Questions I would like your feedback on:

  1. Stability of MPLS L3VPN on CCR2216 in production — Have you seen LDP/IGP desync, VRF blackholes, or label table corruption in long-running deployments? How frequent and how did you recover?

  2. L3HW offload with MPLS active — Most reports suggest keeping L3HW OFF when MPLS is running. Have any of you found a stable way to run both simultaneously (e.g., with suppress-hw-offload per route)?

  3. RouterOS version — Which ROS v7.x build are you running on your MPLS PE boxes and which ones should be avoided? (I have read about VPNv4 freeze bugs in 7.13 and BGP session wipeouts in 7.16–7.18.)

  4. VRF and MP-BGP scale — How many VRFs and VPNv4 prefixes are you running per CCR2216 PE without issues? We plan ~10 VRFs with 10–30 prefixes each.

  5. CE–PE routing — Are you using static routes, eBGP, or OSPF between CE and PE inside VRFs? Any tips for avoiding the CE–PE BGP session "not on shared network" error?

  6. Mixed vendor environment — Has anyone successfully run CCR2216 PEs peering with Cisco ASR or Juniper MX as a Route Reflector or hub PE? Any interoperability gotchas?

  7. CPU core monitoring — We understand MPLS decapsulation is pinned to a single CPU core.
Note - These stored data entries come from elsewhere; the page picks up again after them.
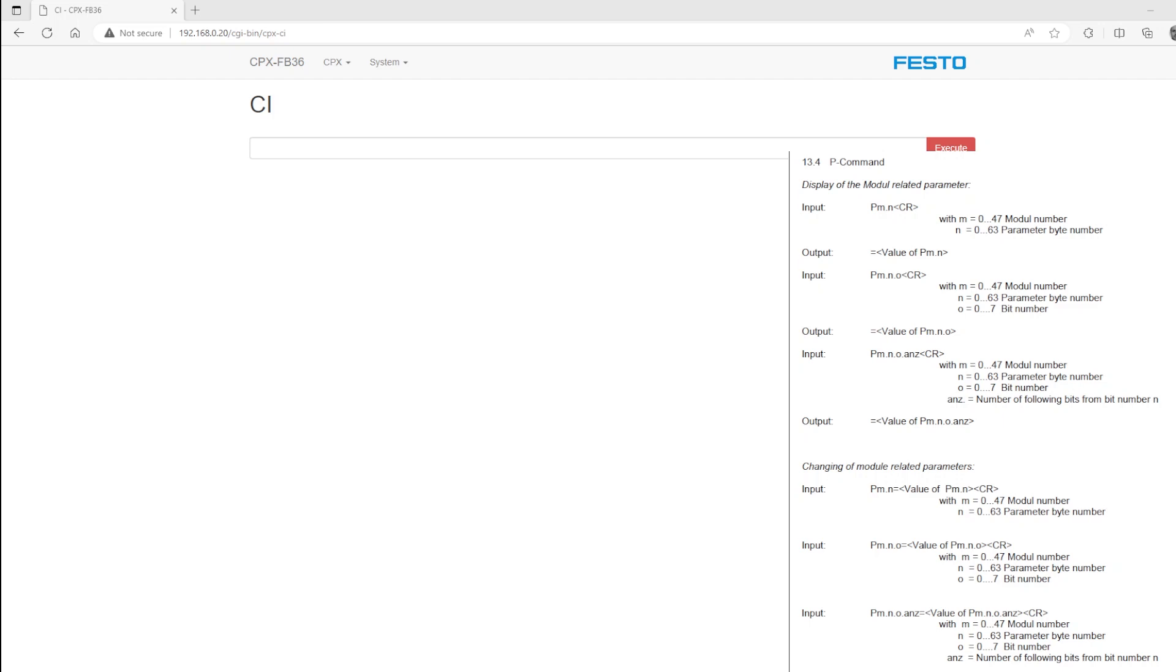So all I'm going to do is change the IP address from .0.20 to .0.21. First thing I'll do is display the current IP address, subnet, and gateway. You can see the syntax for that is PM for module, which will be zero. The first position, that's CPXFB36, was in the zero-th position, or the first place.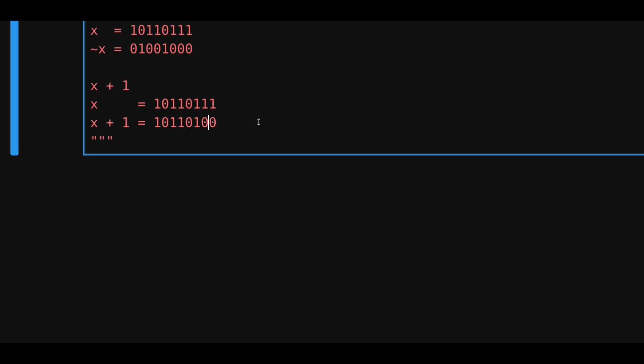And then, for the next position, we need to add a 1, so this will also become a 0. And then, on the next position, we need to add a 1. 0 plus 1 is a 1. Now, notice what happened here.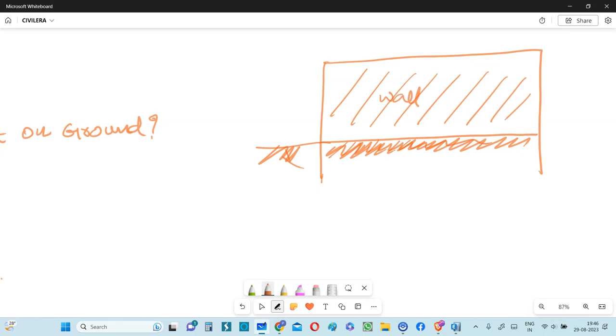The answer is that we have to manually model this in ETAPS or any software that you are using. You cannot ignore modeling plinth beam. The reason is related to the seismic loads. In India, we cannot design any building for only gravity loads. We have to consider seismic loads as well.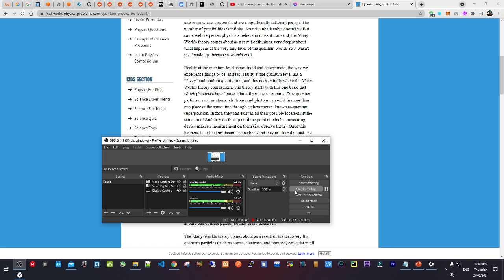The theory starts with this one basic fact, which physicists have known for about many years. Tiny quantum particles, such as atoms, electrons, and photons, can exist in more than one place at the same time.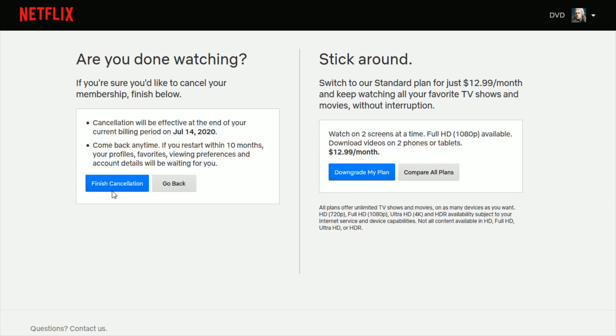Cancel it. You do that by clicking the finish cancellation button and you should be good to go working your way through that.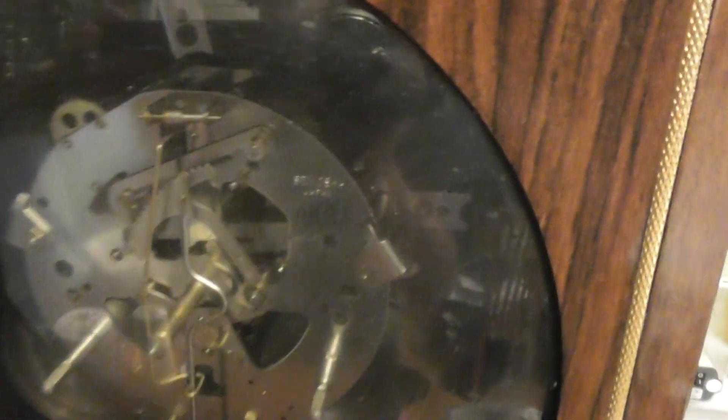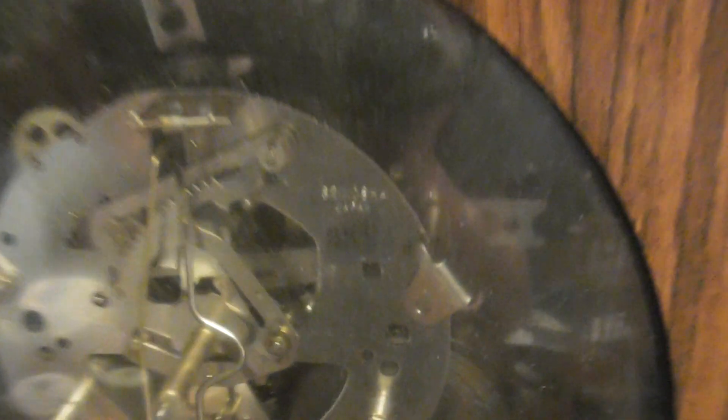Here you see the movement, and here is the back side.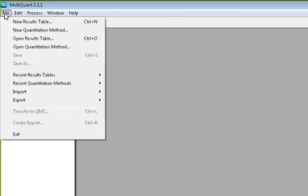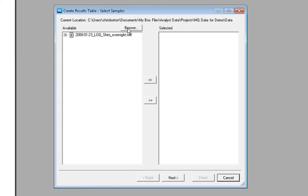To create a new results table from acquired data, you first select File, New Results Table. From here, you can browse your computer for a dataset.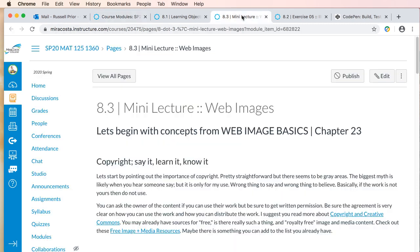So again, check out the mini lecture. You are going to get my take on what is in Chapters 23 and 24, and I am really going to kind of cut to the chase and keep things simple.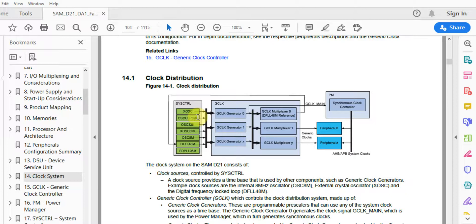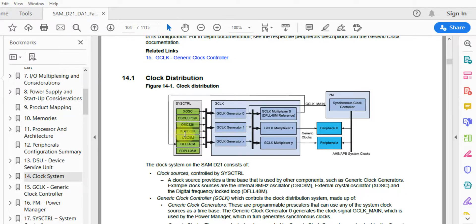Three of the seven sources are internal oscillators. The first is a 32.768 kHz internal oscillator that runs at a high degree of accuracy. The second is also a 32.768 kHz oscillator but runs with better power efficiency — if you want to maximize power savings, this is the one to use. The third is the OSC8M, an 8 MHz internal oscillator.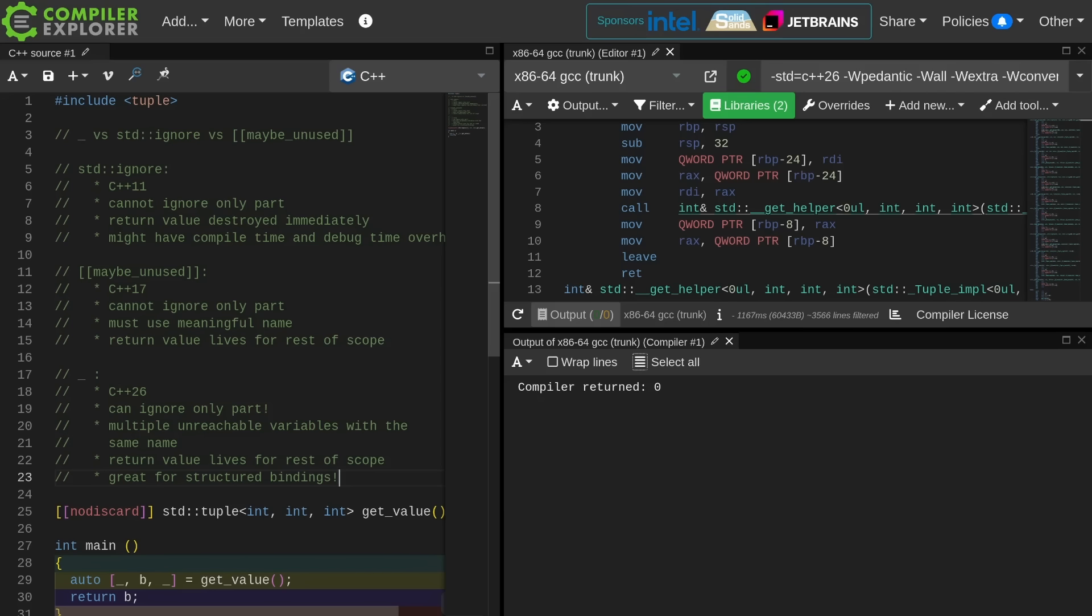The underscore option was added in C++26. You can ignore only part. This thing is great for structured bindings. You have the weirdness that you've got multiple unreachable variables with the same name, but the return value lives for the rest of the scope as well. But that's going to be true of anything with structured bindings anyhow. It's not possible to destroy only part of a structured binding. Well, there you have it. I hope this was an interesting and informative episode. Be sure to subscribe, and I'll catch you later.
What monitoring tools or thresholds do you use to detect when cpu0 is approaching saturation?

  8. Would you recommend CCR2216 as PE at our scale, or do you regret it? — Honest opinions welcome. If you switched to another platform (Juniper MX, Nokia SR, Cisco ASR), what was the trigger?

Any configuration snippets, design tips or cautionary tales are very welcome. We are still in the pre-deployment lab phase so there is time to adjust our design.

Thank you in advance for sharing your experience. This community has already helped us avoid several pitfalls.

2

For eBGP you need to set multihop=yes if session is not on connected network.

3

Any further inputs please need your advice on this point guys

4

Hello,

Your request seems very specific. To give you more details about our use cases, we have a number of MikroTik CCR2004 devices; it is not the model you are planning to deploy, but I think it could help you with your planning. Our network operates at less than 1 Gbps (95th percentile). We primarily use L2VPNs (previously with VPLS and now with VXLAN, as we found it offered better throughput), as well as a few VRFs for certain clients, but that remains marginal.

Here are some of the behaviors we have observed:

  1. We haven't seen any LDP or IGP desynchronization. Most of the time, it works. The same goes for label corruption: nothing triggers an alert.
  2. You may have encountered bugs regarding this. We do not yet rely on hardware offloading. Sometimes it works, sometimes it doesn't. We have given up on it.
  3. We use ROS 7.20+. We have noticed issues with certain route reflectors for VPNv4. I still don't quite understand why certain routes are not redistributed or, even worse, why redistribution might not work at all. To bypass this, we use a full mesh with PE routers.
  4. We only have 2 VRFs, so I cannot explain how this would scale to a larger size.
  5. Static and BGP works perfectly.
  6. Peering with Juniper MX and ACX works well. We did some experiments in the past and we found nothing that could block us.
  7. Actually, for us, it’s not yet a problem. We do not have enough traffic to speak of.
  8. At your scale, the main advice I could give is to try. At our scale, we are satisfied with it, but the more we grow, the more we see problems coming. I would say it depends on the bandwidth you sell to your customers. If you plan to rapidly exceed 1 Gbit/s (95th percentile), it can become a bottleneck very quickly. We used the CCR2004 because it’s cheaper than any similar box, but I have doubts about the scaling we may experience with it. For growth, I think an Arista would be better compared to pricing (sorry MikroTik).